At a glance
The day-by-day count and value of Credit Memos created over the last 90 days, plotted as a time series. Lets Operations spot batch postings, weekly cycles, post-promotion return waves, and supplier-defect spikes that aggregate-only cards smooth away.
| What it counts | For each day in the 90-day window: COUNT(creditmemo_id) and SUM(creditmemo.grand_total) where created_at falls in that day (UTC by default). Two parallel time series shown on the same chart with dual axes. |
| API field | entity_id, created_at, grand_total, base_grand_total from GET /rest/V1/creditmemos. |
| Why daily over weekly | Many supplier-defect waves and shipping-incident batches play out on a 1-3 day cycle. Weekly bucketing hides the within-week pattern (especially the Mon-Tue Customer Service catch-up after weekend RMAs). Daily granularity is essential for incident-correlation. |
| VAT / tax treatment | The value series uses grand_total (tax-inclusive). Toggle the chart to subtotal for tax-exclusive product-only refund value. |
| Shipping inclusion | Included in grand_total series. Filter to product-only via subtotal toggle. |
| Discounts | Already deducted, the customer-paid net is what grand_total represents. |
| Cancelled / voided orders | Excluded (no Credit Memo possible on canceled orders). |
| Currency | Mixed-currency grand_total for visual scale. Toggle to base_grand_total for FX-neutral history. |
| Channels / sources | All Adobe Commerce sources: storefront, Admin-created, B2B portal, Marketplace if installed. Off-platform refunds invisible. |
| Multi-store scope | All Store Views aggregated; per-Store-View filtering available via the chart legend. |
| Time window | 90D rolling. Sentiment alert is at the aggregate level; this card is exploratory rather than alerting. |
| Alert trigger | None on this card directly. Use Refund Rate for alerting; use this card to investigate the shape behind the alert. |
| Roles | owner, operations |
Calculation
Calculated automatically from your Adobe Commerce data. See the At a glance summary above for what the metric tracks and the worked example below for a typical reading.Worked example
A B2B-leaning industrial-supplies merchant on Adobe Commerce 2.4.7. Snapshot taken 13 May 26, looking back 90 days. Aggregate stats over the window:| Metric | Value |
|---|---|
| Days in window | 90 |
| Total Credit Memos | 1,143 |
Total refund grand_total | $284,600 |
| Mean Credit Memos / day | 12.7 |
| Median Credit Memos / day | 11 |
| Standard deviation | 7.4 |
| Days above mean + 2σ (>27 memos) | 6 |
| Date | Credit Memos | grand_total | Likely cause |
|---|---|---|---|
| 18 Feb 26 | 41 | $14,200 | Backlog catch-up; new CS hire’s first week |
| 24 Feb 26 | 38 | $12,700 | Weekend backlog (Mon AM batch) |
| 6 Mar 26 | 52 | $28,900 | Single B2B account returned a $24k bulk shipment, plus weekly DTC catch-up |
| 19 Mar 26 | 31 | $9,400 | Post-promotion return wave (5-day delay after 14 Mar promo end) |
| 14 Apr 26 | 47 | $19,300 | Supplier sizing-error wave (uniform line, see Refund Value example) |
| 28 Apr 26 | 36 | $11,800 | Continued uniform-line returns |
- Day-of-week bias is strong. Monday averages 18 Credit Memos vs Sunday’s 3. CS teams batch-post on Monday morning after the weekend’s RMAs queue up. This is a posting artifact, not a real refund spike.

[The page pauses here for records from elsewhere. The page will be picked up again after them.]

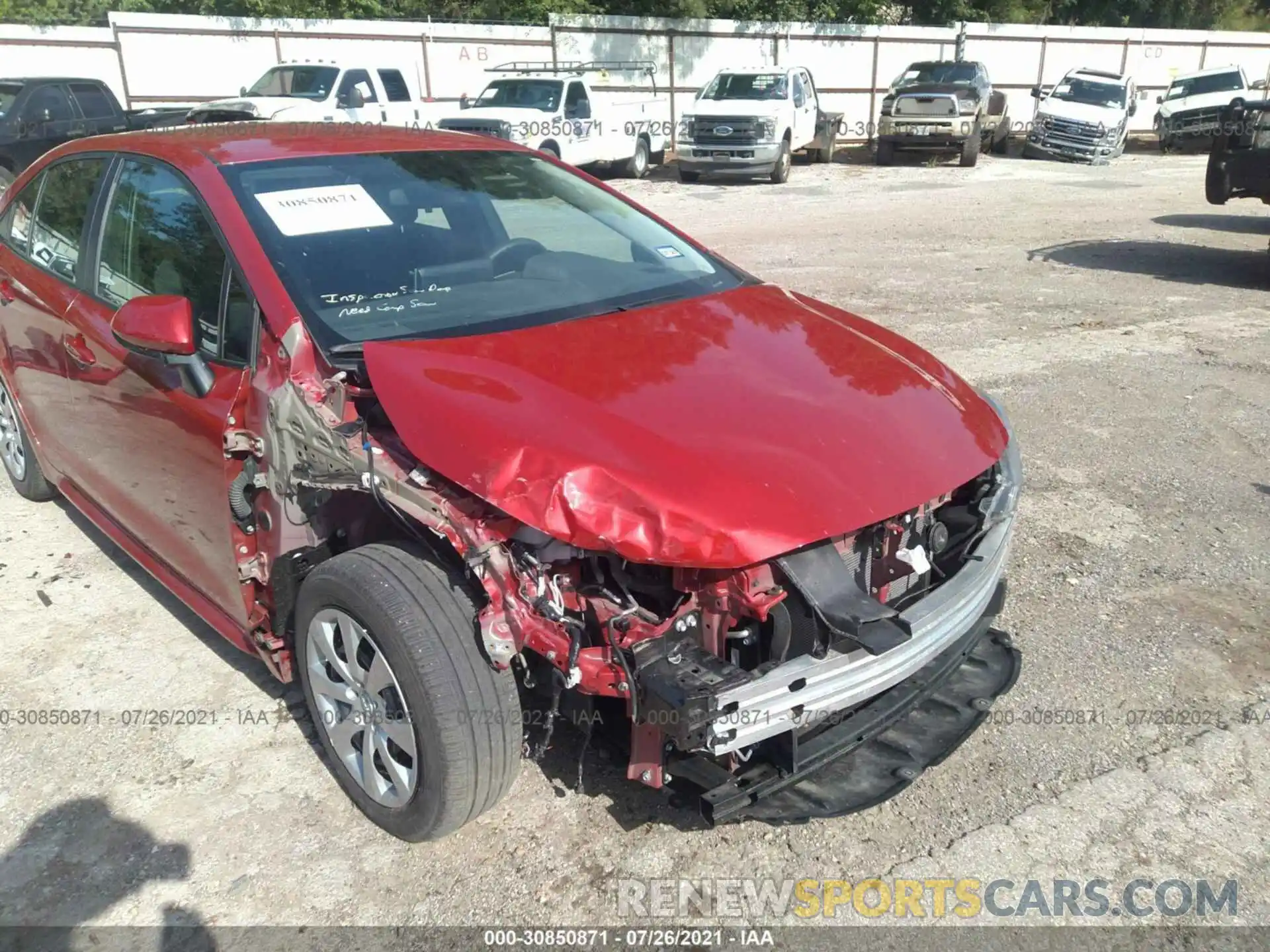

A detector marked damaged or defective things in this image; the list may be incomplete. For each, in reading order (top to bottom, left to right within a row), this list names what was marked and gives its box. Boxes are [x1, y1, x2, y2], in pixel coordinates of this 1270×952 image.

red damaged sedan [0, 125, 1016, 842]
crushed hood [363, 283, 1005, 566]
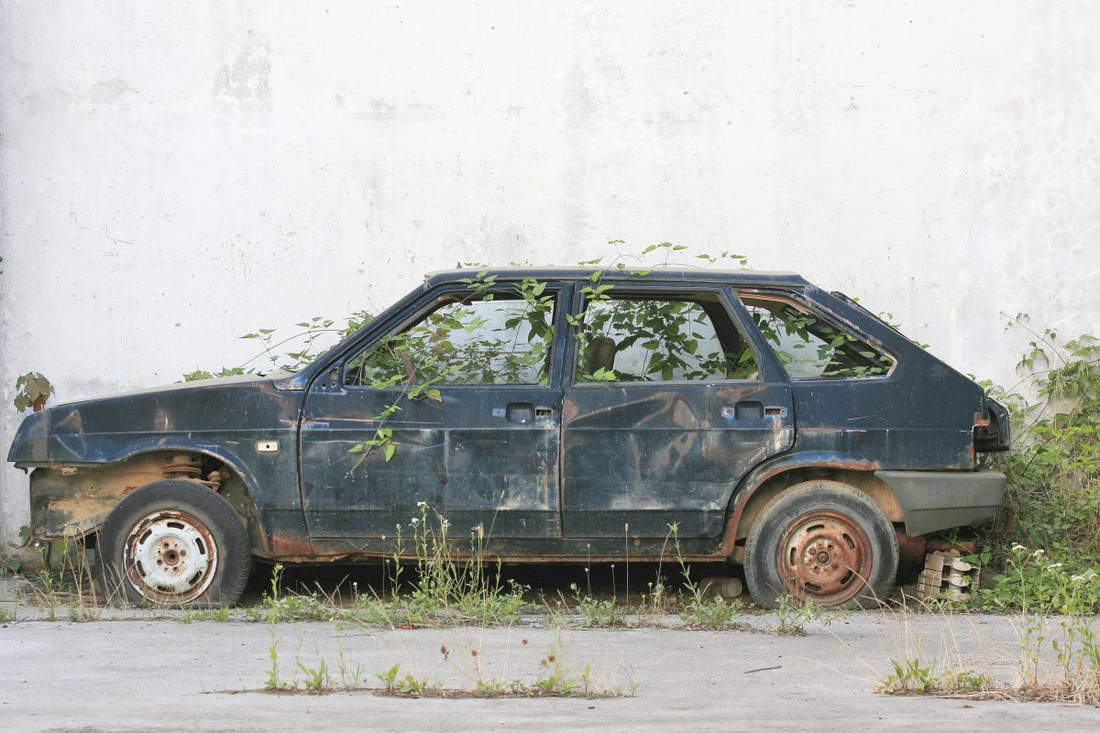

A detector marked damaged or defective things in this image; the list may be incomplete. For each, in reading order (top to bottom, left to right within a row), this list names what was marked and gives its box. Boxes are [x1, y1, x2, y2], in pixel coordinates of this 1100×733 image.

rusty blue car [4, 268, 1007, 603]
abandoned car [6, 267, 1007, 603]
rusty wheel rim [123, 508, 217, 598]
rusty wheel arch [721, 457, 902, 559]
rusty wheel rim [778, 510, 871, 603]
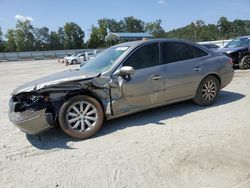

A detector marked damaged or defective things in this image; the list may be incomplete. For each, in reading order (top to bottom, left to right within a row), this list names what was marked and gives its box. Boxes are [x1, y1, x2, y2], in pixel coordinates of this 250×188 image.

crumpled front hood [11, 69, 99, 94]
damaged silver sedan [8, 39, 234, 139]
front bumper damage [8, 94, 53, 134]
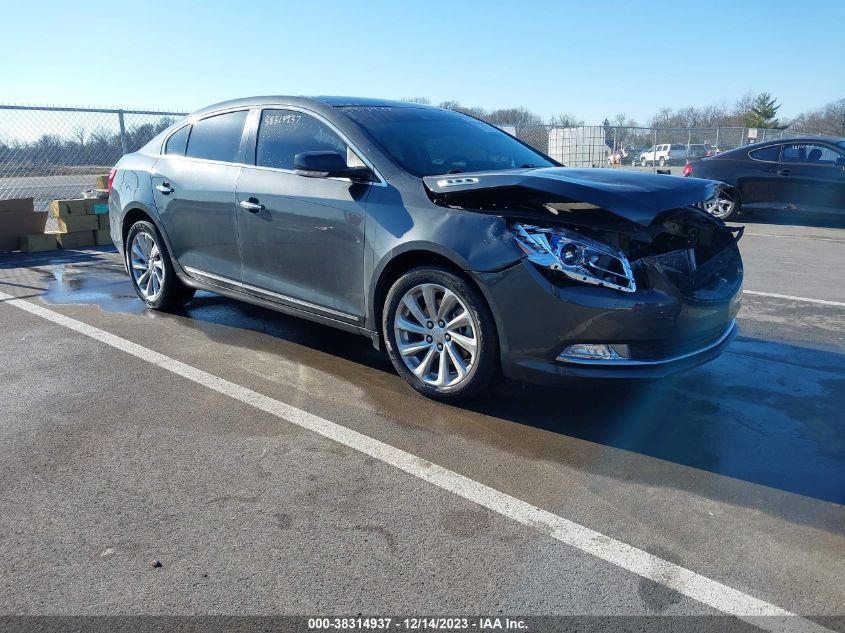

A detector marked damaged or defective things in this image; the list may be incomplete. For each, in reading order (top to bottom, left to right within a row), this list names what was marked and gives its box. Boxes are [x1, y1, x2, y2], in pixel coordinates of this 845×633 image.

damaged gray sedan [109, 97, 740, 400]
damaged headlight [508, 222, 632, 292]
exposed headlight assembly [512, 222, 636, 292]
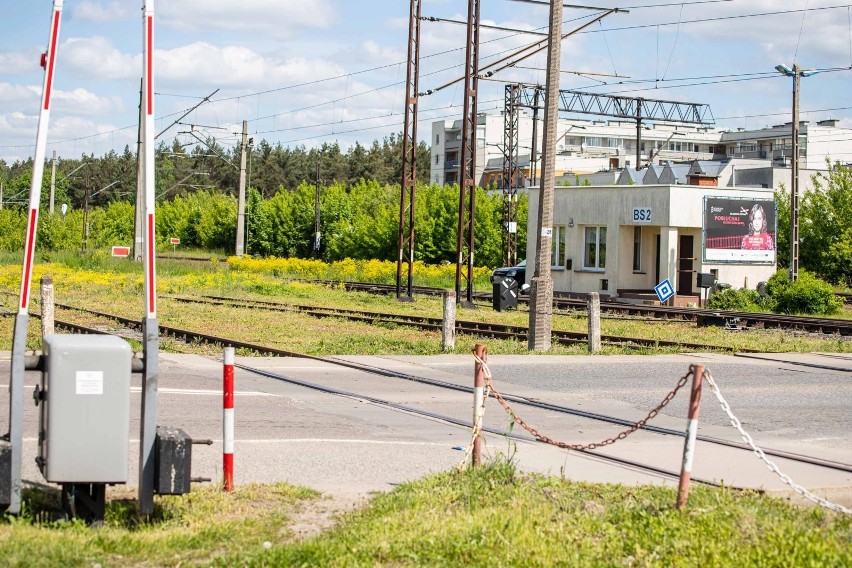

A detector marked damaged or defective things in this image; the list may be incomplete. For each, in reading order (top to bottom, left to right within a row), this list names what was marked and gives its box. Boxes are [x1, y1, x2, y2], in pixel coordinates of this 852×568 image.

rusty chain [470, 356, 696, 452]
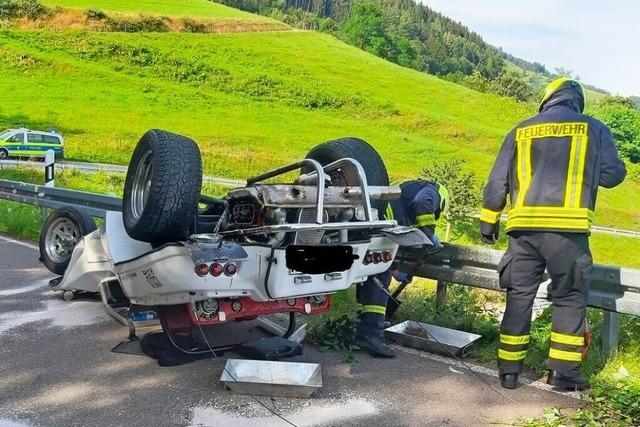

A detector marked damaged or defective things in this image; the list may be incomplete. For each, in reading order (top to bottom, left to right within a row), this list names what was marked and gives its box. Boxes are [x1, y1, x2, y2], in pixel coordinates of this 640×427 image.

exposed spare tire [120, 130, 200, 244]
exposed spare tire [304, 137, 390, 214]
exposed spare tire [40, 208, 97, 276]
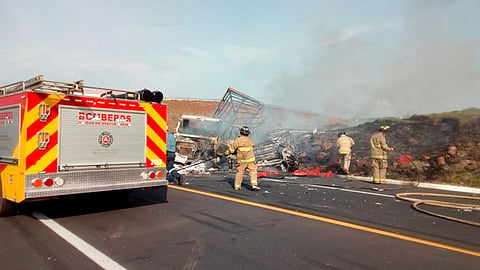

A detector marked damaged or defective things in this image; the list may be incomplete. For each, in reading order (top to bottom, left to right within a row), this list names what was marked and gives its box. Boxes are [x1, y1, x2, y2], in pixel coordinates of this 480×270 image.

burned truck wreckage [171, 87, 480, 187]
charred debris [172, 88, 480, 188]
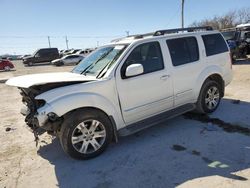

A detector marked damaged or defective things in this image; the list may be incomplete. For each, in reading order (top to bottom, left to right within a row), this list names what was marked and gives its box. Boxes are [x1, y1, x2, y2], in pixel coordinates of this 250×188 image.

crumpled hood [6, 72, 95, 88]
damaged white suv [5, 26, 232, 159]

- Tuesday is the second-highest day for the same reason; carry-over from Monday’s backlog.
- Friday afternoon spikes appear before holiday weekends (President’s Day Friday 14 Feb showed 24 vs Friday baseline 14). CS clears the queue before time off.
- The 6 Mar single-day $28,900 spike is one large B2B return masking the daily count. The dollar series shows a clear spike; the count series shows a moderate spike. Reading both axes catches this.
- The supplier-error wave starting 14 Apr is the most actionable signal. The uniform-line refunds are still elevated 4 weeks in (28 Apr at 36, well above mean+2σ). Operations should check if the corrective action (sizing chart correction, supplier rework) is landing.
- Cross-link with Top Refunded Products filtered to the post-14 Apr window: the top 10 refunded SKUs should now be uniform-line items if our hypothesis is correct.
Sibling cards merchants should reference together
| Card | Why pair it with Refunds Over Time |
|---|---|
| Refund Count | Aggregate of this card’s count series. |
| Refund Value | Aggregate of this card’s value series. |
| Refund Rate | The normalised version. Useful when order volume itself swings (Black Friday, January). |
| Top Refunded Products | The SKU concentration behind a daily spike. |
| Cancellations Over Time | Sister card for pre-capture cancellations; pairing reveals whether spikes share a cause. |
| Orders Over Time | The denominator shape. Lets you visually rule out “more orders, more refunds”. |
| Revenue Over Time | Promotion windows show in revenue; the post-promotion return wave shows here 7-21 days later. |
shopify.refunds_over_time | Cross-platform peer. |
Reconciling against the vendor’s own dashboard
Where to look in Adobe Commerce Admin:
Reports > Sales > Refunds with “Show By” set to “Day”, date range matching this card. The chart and table show daily refund value (using base_grand_total). The count series is not shown; for daily count Admins must use the Credit Memos grid.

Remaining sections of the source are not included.